The Tax Cuts and Jobs Act of 2017 has brought on a lot of changes to the tax code. Perhaps one of the most interesting changes was the implementation of opportunity zones.  According to the IRS, the creation of opportunity zones was designed to spur investment in distressed communities throughout the country through tax benefits.  However, taxpayers are still awaiting much needed guidance from the IRS. 

For now we do know what the tax incentives are for taxpayers. There are two main benefits to investing in an opportunity zone.

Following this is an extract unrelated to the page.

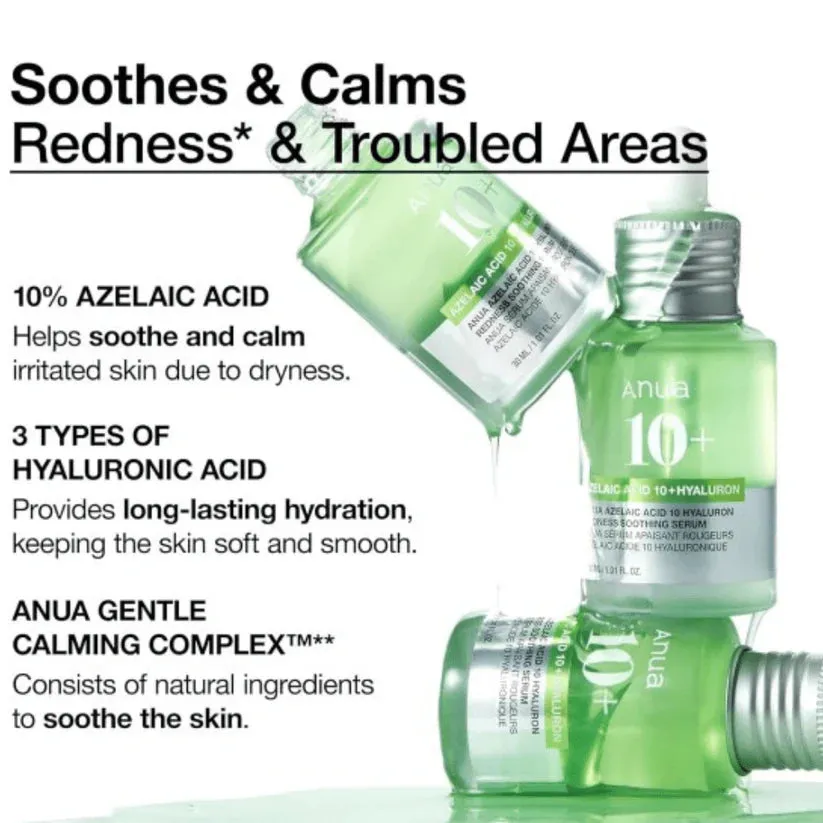 Anua Azelaic Acid 10  Hyaluron Redness Soothing Face Serum 30ml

1) Tax-Free Income - A taxpayer will enjoy tax-free income off of any returns from investing capital gains into a qualified opportunity zone fund ("QOF"). All a taxpayer has to do is invest their capital gains into a QOF by December 31, 2026 and keep it there for at least 10 years. To further elaborate, a taxpayer would have 180 days to invest their capital gains from the sale of a property to an "unrelated person" into a QOF. So technically a taxpayer will have until June of 2027 to invest their capital gains from a sale that occurred no later than December 31, 2026. The related persons rules are a little complex and a professional should be consulted. 

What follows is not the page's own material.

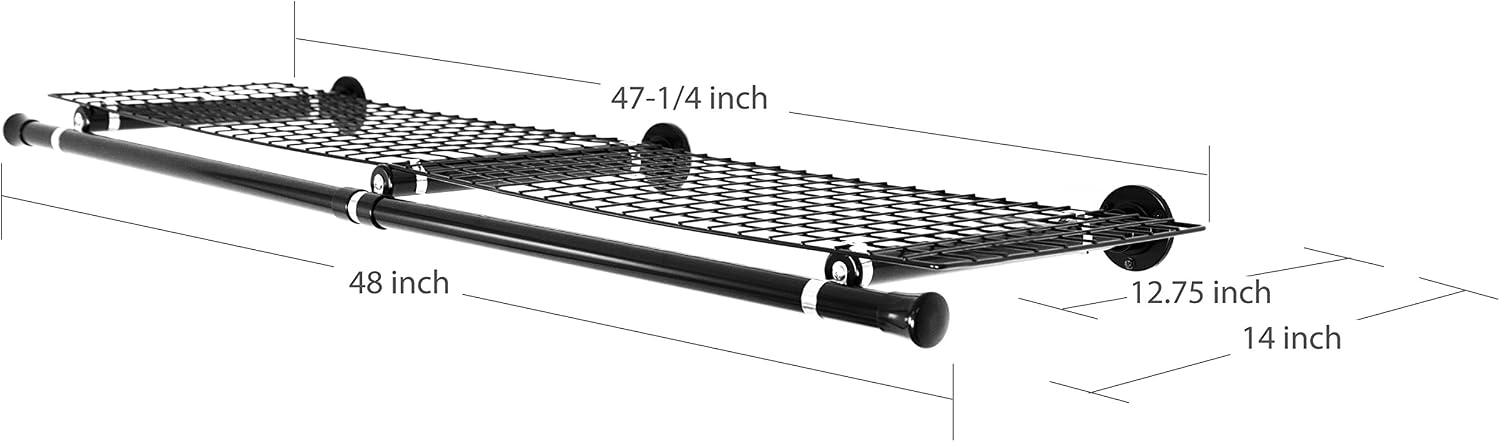 A&F Rod Décor Double Shelf with Hanger - Black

2) 15% Decrease in Capital Gains Tax - A taxpayer will also enjoy a step up in their basis for the property they sold. Any capital gains invested in a QOF will be taxed in the year 2026. This is because the ability to invest in a QOF and receive the tax benefits terminates on December 31, 2026. Therefore, a taxpayer will be taxed on their capital gain on April 15, 2027. If a taxpayer invests their capital gains into a QOF and defers tax, then they will receive a 10% increase in their basis they invested five years before December 31, 2026 deadline, and another 5% increase if they invested seven years before deadline. For example, If a taxpayer sold their property an received $1 million in capital gains, then they will only pay capital gains tax in 2026 on $900,000 if they invested in a QOF by 2021, or capital gains tax on $850,000 if by 2019. 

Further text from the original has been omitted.